One in three C’bean women to face gender-based violence in their lifetime

WASHINGTON, DC, USA — One in three women will be exposed to and experience gender-based violence in her lifetime, a problem that cuts across all ethnicities, religious groups, classes, education levels and cultures.

Anita Botti, chief of staff in the Office of Global Women’s Issues at the US Department of State, in quoting the statistics from a World Bank and UNiTE Campaign study, said this kind of violence is not exclusive to the Caribbean, but it’s a big problem in the region and affects economies and security.

In the Caribbean, she said the study showed that all the Caribbean islands have higher rates of sex violence than the world average.

She said that only when leaders understand the link between the economy and violence, will real steps be taken to enact change, as in most countries, no one wants to touch the issue.

“You have to have the will of your government,” she said. “You have to have the laws and then the will to implement the laws.”

Botti, who was addressing Caribbean journalists attending a seven-day reporting tour on women’s empowerment and combating domestic violence at the State Department in Washington, DC, Monday, said though gender-based violence presents in different ways in different parts of the world, domestic violence is not new to any part of the world.

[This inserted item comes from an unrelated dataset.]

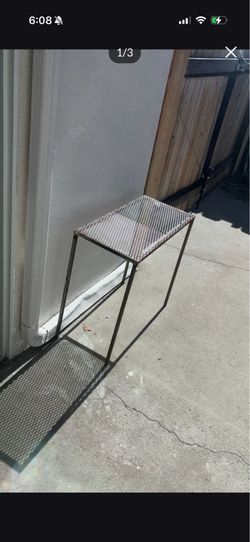 Metal table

She said her government is now exploring what’s happening with the multilateral programmes surrounding the gender violence issue, and they’re doing mapping by country and region to find out what exists in each.

Also, they are in the midst of implementing a process where gender will be included in US foreign policy.

For the Caribbean, Botti said the plan is to bring all the countries together to look at this issue on several levels.

“Certainly at the parliament level, they’re looking at the laws; at the judicial level with the rule of law – with judges, prosecutors, the police; and the health providers, the NGOs, the people who are actually handling the cases as they come forward,” she said.

“We’re talking about this, and it hopefully will be part of the action plan we’re hoping to put together.”

The problem of gender-based violence is global, she said, and manifests in rapes, dowry-related murders, female genital cutting, and the ostracising of widows in certain parts of the world.

It’s a problem that is not being adequately dealt with by governments, and has even got worse in areas like the Pacific Islands, even with the injection of “an inordinate amount of funds”.

The problem is not confined to the developing world, as in the United States, she said it took 20 years for the implementing of a domestic violence law.

“Why? Nobody wanted to touch it [saying] it’s private, it’s between husband and wife, between couples. It takes that form in most countries — it takes the form of ‘we don’t want to talk about it, we don’t want to hear about it’…”

The solution, she said, has to be approached from a holistic angle.

“It may be manifested in violence against women, but unless you involve the men and the children, the boys and girls, it doesn’t get better,” she said. “It has to be a holistic approach. It doesn’t get at the societal issue of trying to deal with things unless you involve them.”

The tour, which has a second leg in Atlanta, Georgia, was organised by the State Department’s Foreign Press Centre.